Requirement:
Using the records that follow, reproduce exactly the lines starting at the line containing "Bush Hog Drag-Type Shredder" and ending at the line containing "The Witcher 3 Geralt 3840x2". Include both end lines and no pictures.

Provided information:

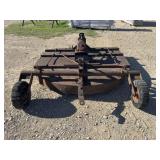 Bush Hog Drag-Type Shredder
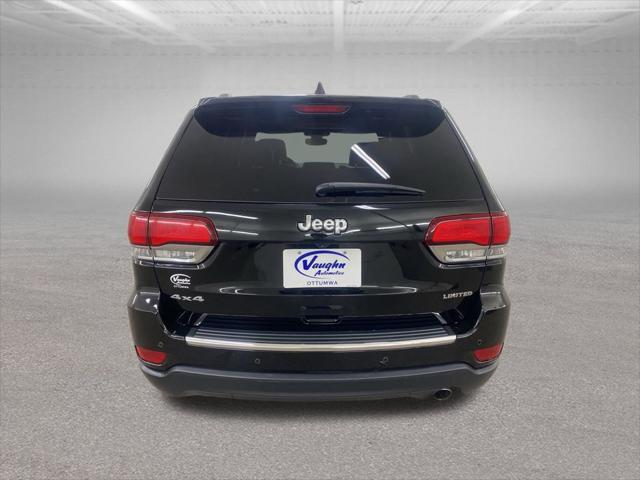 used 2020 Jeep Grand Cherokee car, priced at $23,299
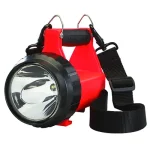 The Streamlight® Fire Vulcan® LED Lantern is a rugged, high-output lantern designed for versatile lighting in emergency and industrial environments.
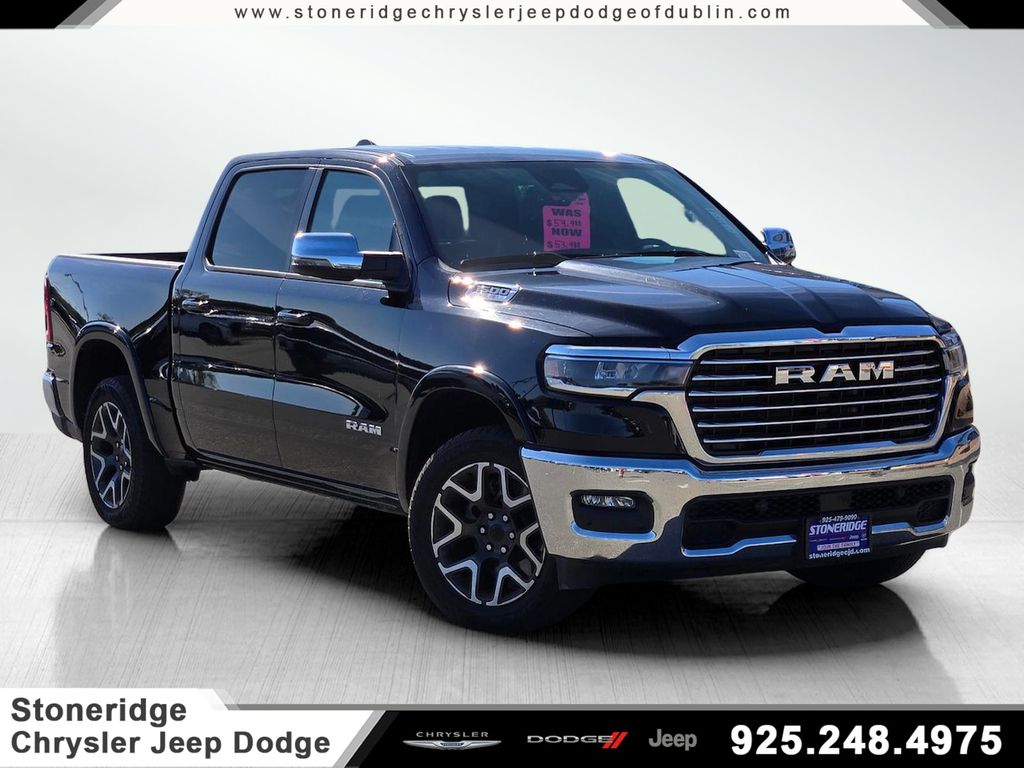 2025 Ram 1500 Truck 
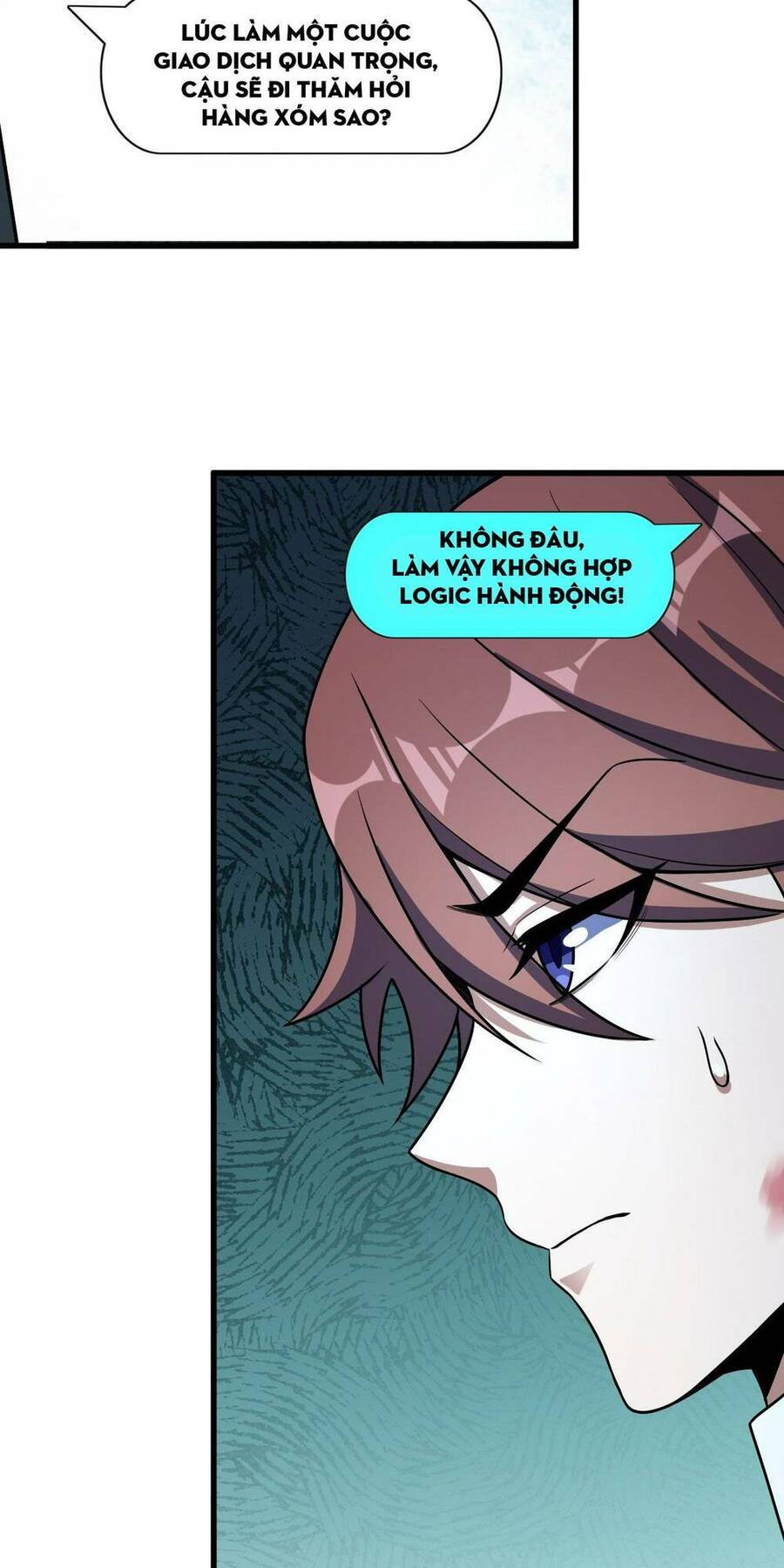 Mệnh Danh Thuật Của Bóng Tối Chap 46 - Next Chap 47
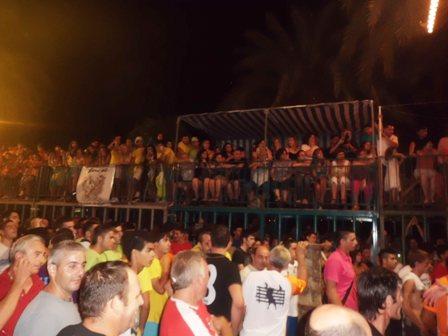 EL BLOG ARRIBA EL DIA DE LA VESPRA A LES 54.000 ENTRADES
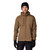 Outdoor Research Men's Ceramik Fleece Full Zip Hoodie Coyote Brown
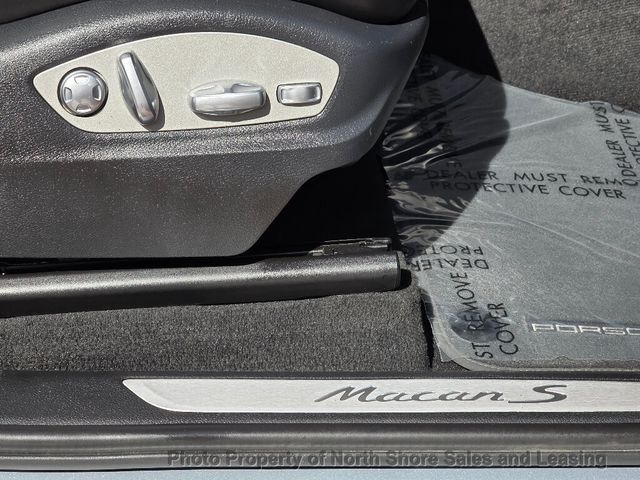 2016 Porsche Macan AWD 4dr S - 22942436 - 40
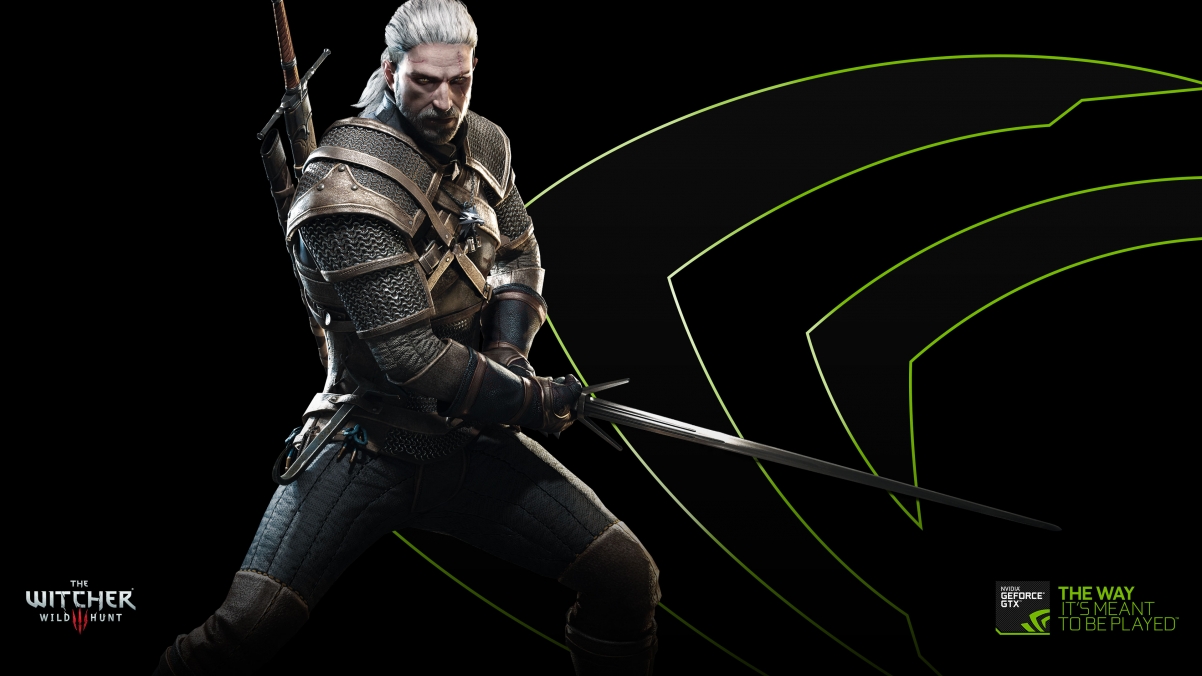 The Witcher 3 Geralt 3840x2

--

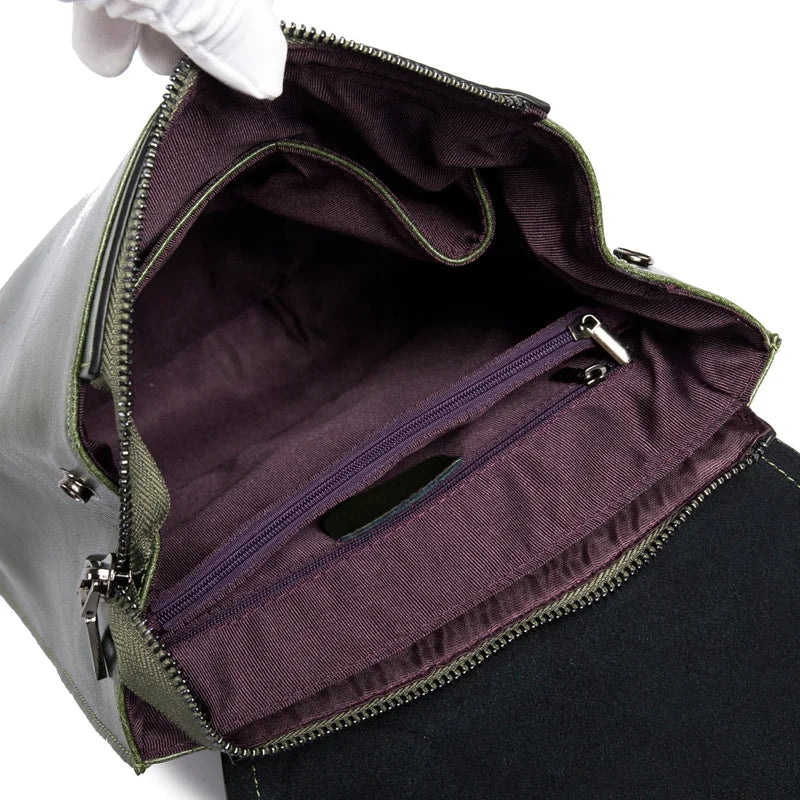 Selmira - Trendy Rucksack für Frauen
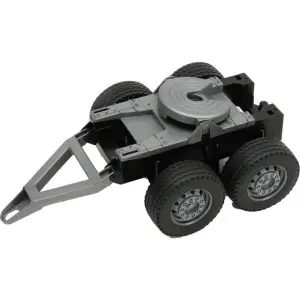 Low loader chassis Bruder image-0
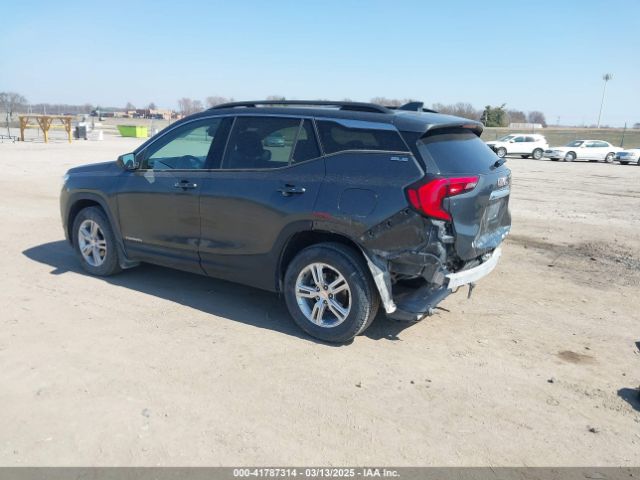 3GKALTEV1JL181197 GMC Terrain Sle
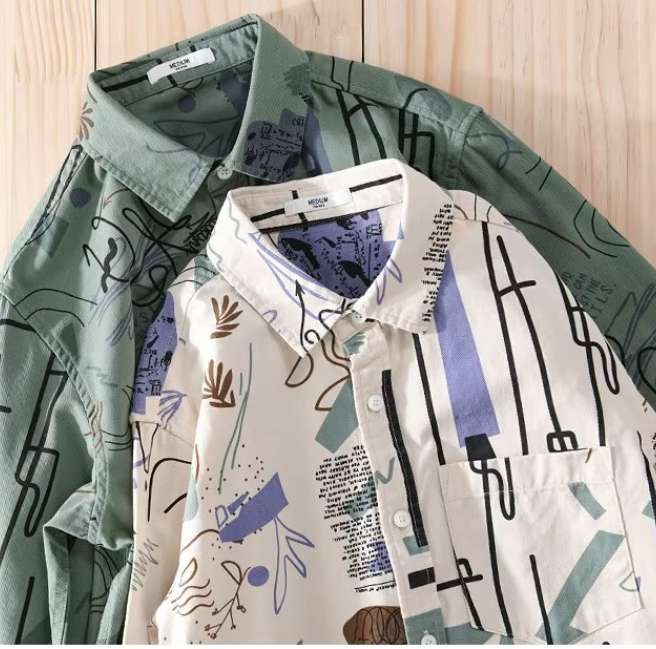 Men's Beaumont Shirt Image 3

---

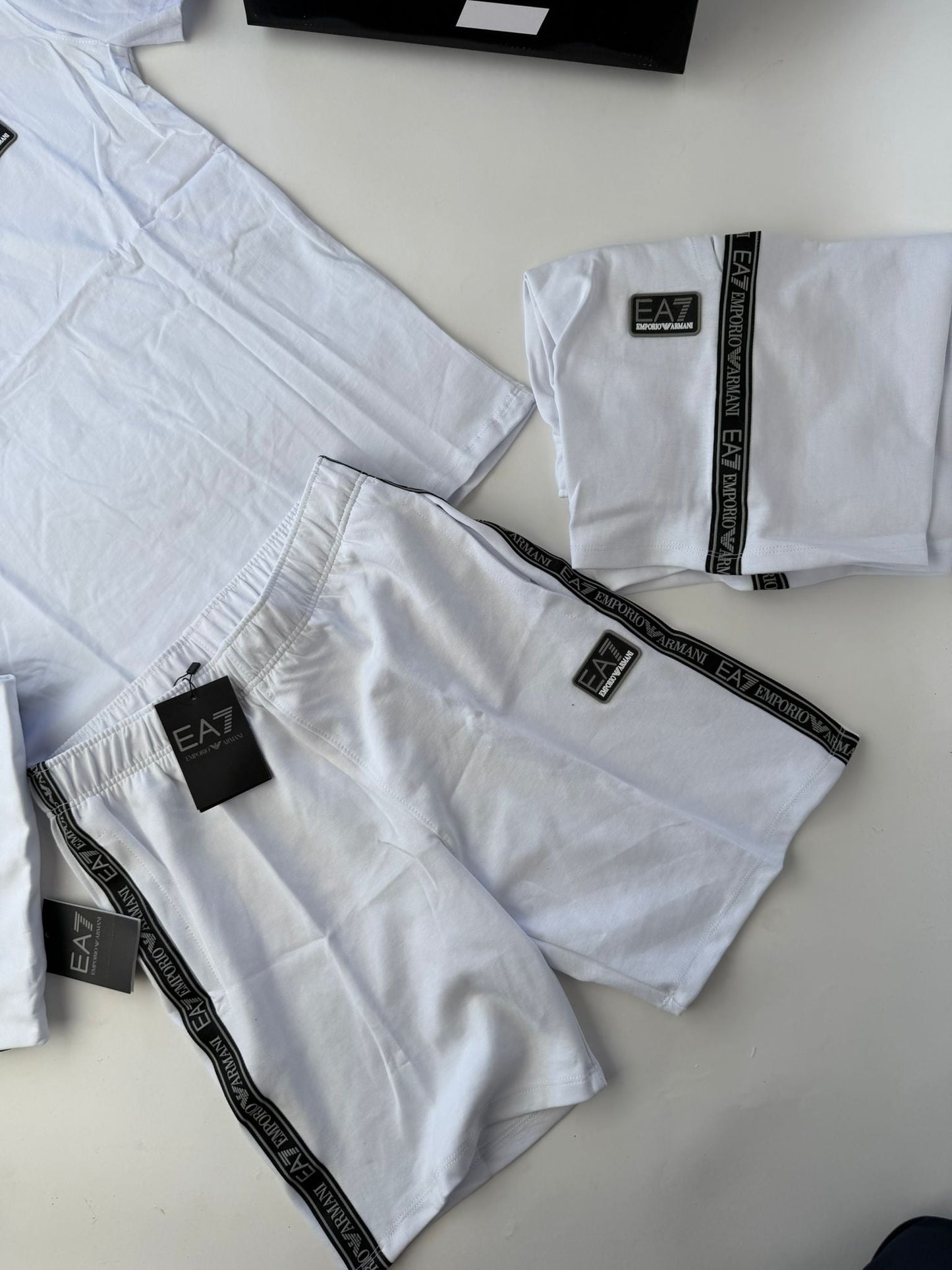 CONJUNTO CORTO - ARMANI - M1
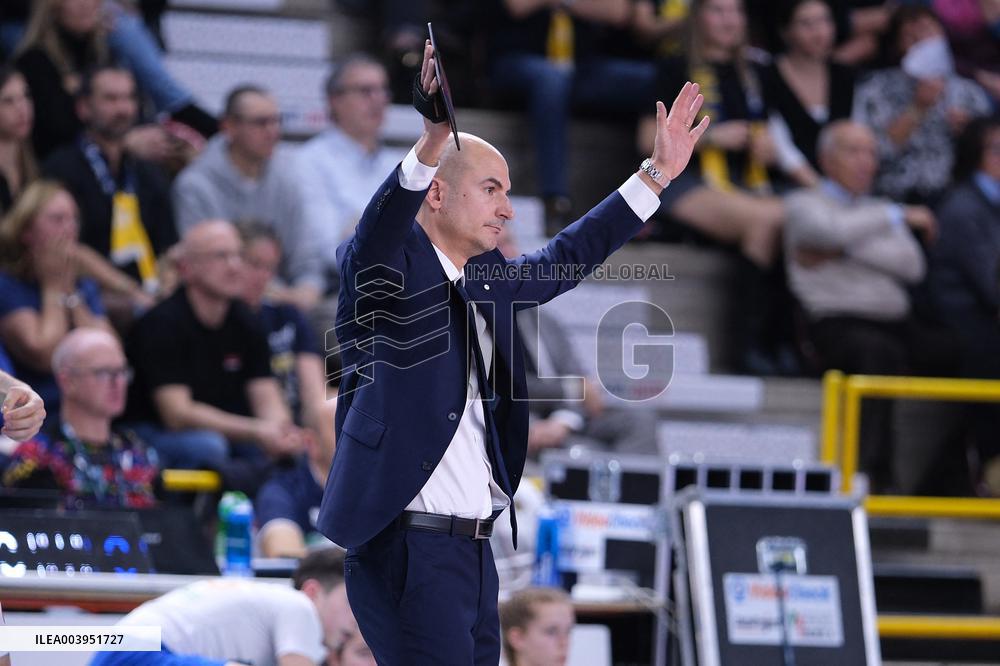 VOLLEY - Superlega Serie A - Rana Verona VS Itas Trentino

Solution to this exercise:
 Bush Hog Drag-Type Shredder
 used 2020 Jeep Grand Cherokee car, priced at $23,299
 The Streamlight® Fire Vulcan® LED Lantern is a rugged, high-output lantern designed for versatile lighting in emergency and industrial environments.
 2025 Ram 1500 Truck 
 Mệnh Danh Thuật Của Bóng Tối Chap 46 - Next Chap 47
 EL BLOG ARRIBA EL DIA DE LA VESPRA A LES 54.000 ENTRADES
 Outdoor Research Men's Ceramik Fleece Full Zip Hoodie Coyote Brown
 2016 Porsche Macan AWD 4dr S - 22942436 - 40
 The Witcher 3 Geralt 3840x2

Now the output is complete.